Ten years on, Brexit’s lesson for the far right was to stay, not leave

Jun 22, 2026
Ten years on, Brexit’s lesson for the far right was to stay, not leave COMMENTARY
Photo credits: CARLOS JASSO / AFP
Fenja Tramsen
Programme Assistant

On 23 June 2026, it will be ten years since UK citizens voted to leave the European Union. The standard reading of the aftermath is reassuring for EU institutions: given the costs of Brexit for the UK, the public has concluded that leaving is not viable. That reading is not wrong, but it misses the more consequential story. Brexit did not defeat European sovereigntism; it strengthened it, by teaching sovereigntist parties to work from inside rather than threaten to leave. 

That shift had domestic drivers too, including electoral normalisation and a decade of EU institutional crisis, but Brexit reinforced it by making the prospect of an exit look catastrophic. This made sovereigntist parties more electable, and harder to counter, because the tools built to fight exit campaigns do not work against internal disruption. 

The reassuring reading rests on good evidence. The Autumn 2025 Eurobarometer recorded that 74% of EU citizens said their country benefits from membership, the highest result since 1983.  

What that reading captures is a shift in public opinion. What it misses is a parallel shift in party strategy. The parties that once threatened to leave have concluded it is more useful to weaken the EU from inside. The French National Rally abandoned its Frexit commitment, the Dutch PVV dropped its Nexit pledge, and the AfD now frames a German exit as a last resort. Le Pen has said this outright, pointing to Brexit when explaining her own shift: in a 2020 interview, she noted it “still took three years” and that EU leaders had “barely hid wanting to make the divorce as difficult as possible.” This pattern is clearest in Western Europe; the European Conservatives and Reformists pragmatism on Ukraine, and Meloni's earlier pivot in Italy, show the sovereigntist family isn't monolithic. 

Dropping the exit commitment removed the most politically costly element of the sovereigntist platform, the one voters could most easily be warned away from by pointing to the UK. Moderated parties could compete for a broader electorate without abandoning their critique of EU institutions. They are now frontrunners in the next French presidential election and the third-largest force in the European Parliament. 

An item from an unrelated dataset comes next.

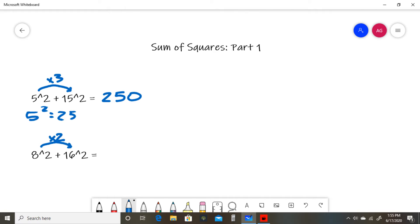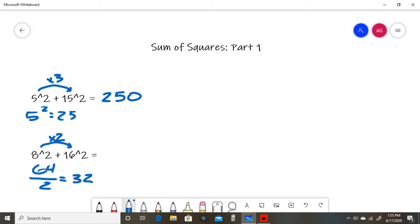in this case, we have 8² + 16². Take the smaller number squared: 8² = 64. Then divide that by 2: 64 ÷ 2 = 32, then multiply by 10. 32 × 10 = 320, so 8² + 16² = 320.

Why is staying inside the harder problem 

A referendum requires securing a majority to support a radical proposal. Internal disruption requires only accumulating enough institutional power to block, dilute, and redirect policy. An exit is at least a bounded loss, with a clear before-and-after. Internal obstruction has no comparable endpoint — which may be what makes it harder to fight, even if it's not obviously worse. Parties that have won elections can coordinate from a position of strength in ways isolated fringe movements cannot. As EPC research on the far right's continued growth has shown, these parties have developed strong electoral bases, which means their institutional presence is not going away. The Patriots for Europe’s (PfE) demands, including stronger borders and rolled-back environmental standards, are to be achieved through EU institutions rather than outside them. 

EU institutions and mainstream parties have been slow to adapt. The frameworks built to contest exit movements, like reassuring publics about membership benefits, are ill-suited to countering internal reform. Gridlock is the clearest sign that the inside strategy is working. Some of this reflects the EU’s longstanding struggles with unanimity, but what is new is the deliberateness with which sovereigntists exploit it. Hungary’s veto record reflects a government exploiting unanimity rules; the PfE’s successin diluting the Green Deal depicts a parliamentary group bargaining within coalition politics. 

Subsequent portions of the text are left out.